今日のプロデュースはKnightsだった。個性的な人が多いからか、毎回疲労感が他のグループより大きい。途中で月永先輩が居なくなってしまったから余計に大変だった。怒る司くんを宥めるのも大変だった。早く家に帰ってお風呂に浸かりたい。そう思っていた時に凛月くんが私の背中にくっついてきた。

「凛月くん、お疲れ。
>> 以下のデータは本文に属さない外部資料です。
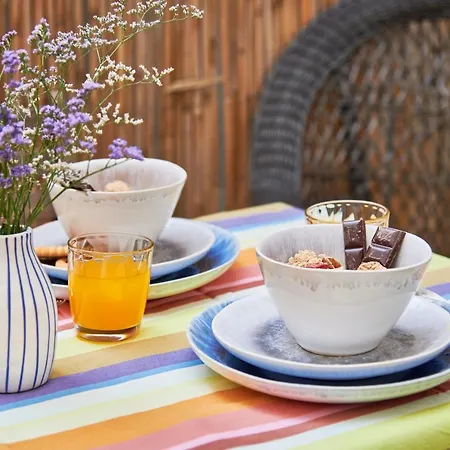 Spacious Bairro Alto With Courtyard, By Timecooler *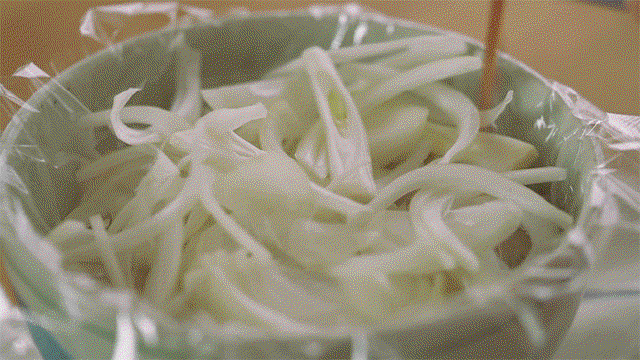 https://storage.googleapis.com/onelife-public/blog.onelife.vn/2021/10/cach-lam-com-thit-ran-katsudon-mon-chinh-548308847004.gif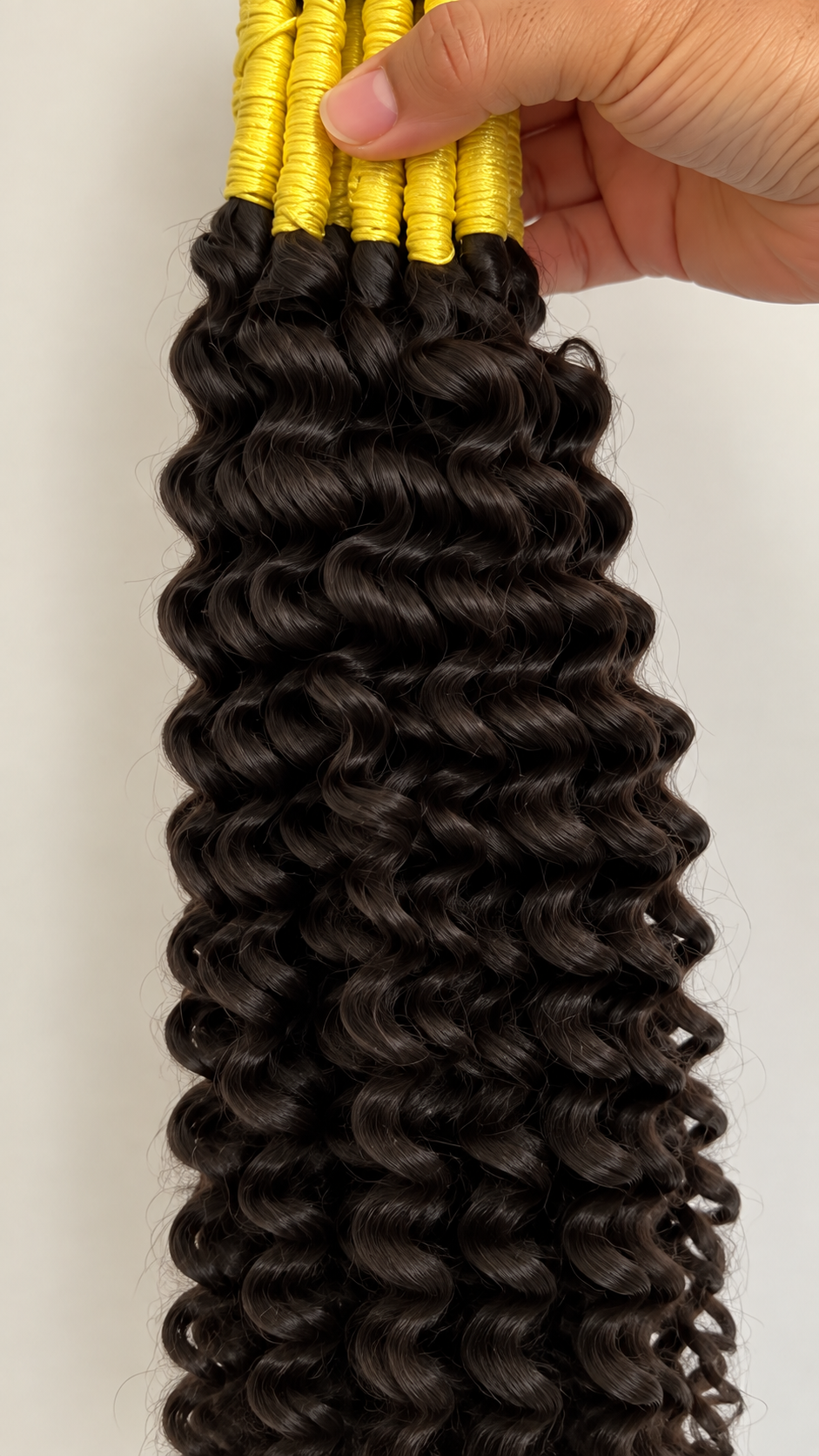 Mega Hair — foto 33 do portfólio Fatinha Martins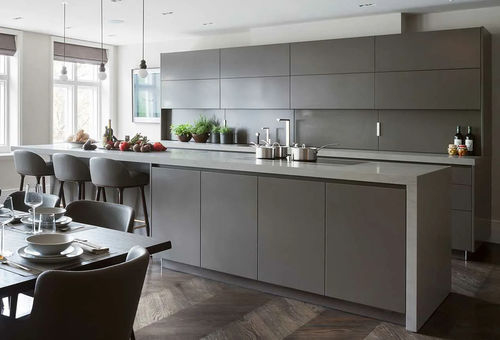 Contemporary kitchen - Villa London - eggersmann küchen GmbH & Co. KG - wood veneer / quartzite / lava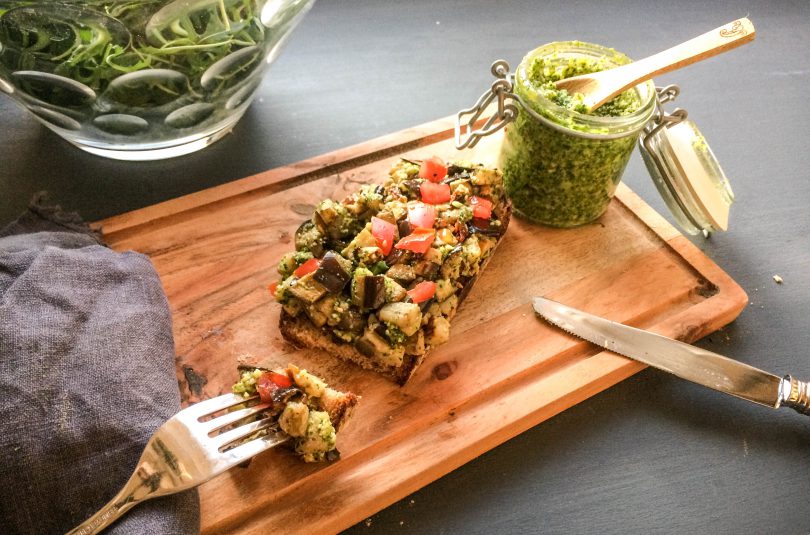 Frisches Brot mit Aubergine und Petersilien-Pesto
うん、一緒に帰ろう。」

こうやって凛月くんと一緒に帰ることはよくあった。Knightsのプロデュースがある日はだいたいだし、何もない日も凛月くんが声を掛けてくれ、二人で一緒に帰るのがほとんどだった。家に入ってご飯を食べて帰ることもしばしばあった。最初に来た時は、お母さんが喜んで大変だった。年頃の娘が綺麗な顔立ちをした男の子を連れてきた、ということで何を勘違いしたのか非常に浮き足立っていた。今では凛月くんはお母さんの大のお気に入りである。
プロデュースが終わる頃というのは道が暗く、人気が少ない。だから凛月くんが一緒に帰ってくれるのは非常にありがたい。たぶん凛月くんは私のことを多少は心配して送ってくれているのだろう。あまり知らないが、私の家とは確か逆方向だったはずだ。凛月くんにそれを言うと嫌がりそうだから言わないけど。

「そういえば、この前ま〜くんがさ……。」

横で穏やかな顔をしながら話をする凛月くんの顔をチラリと見る。以前はしかめっ面でツンツンとした態度しか取られなかったのが、今では柔らかい表情を見せてくれるようになった。何だか感慨深いなぁ。とぼんやりと思っていると、凛月くんと目があった。

「……何? 」

怪訝な顔に戻ってしまった。凛月くんも穏やかな顔するようになったんだね、という訳にもいかないので、必死で誤魔化す。変なの、と笑う凛月くんの顔はとても綺麗だった。

「あ、着いたね。」
「あ〜本当だ……。」

凛月くんと話しているといつも時間が早く過ぎる。気がつけばもう私の家の前だった。私がじゃあね、と入ろうとすると凛月くんが私の腕を取る。じっと私の目を見てきた凛月くんは、何か言いたげだった。

「……なまえ、あのさ」
「何? 家でご飯食べたいの? 」
「よく分かったね。」
「凛月くんのことだったら何でもわかるんだよ。」

なーんちゃってと冗談交じりに笑う私に、凛月くんは驚いたような顔をした後ふんわりと笑った。

「もうちょっとなまえと一緒にいたいの。だからお邪魔するね? 」

そんなこと言ってくれるなんて、友達ってやっぱ良いものだなぁ。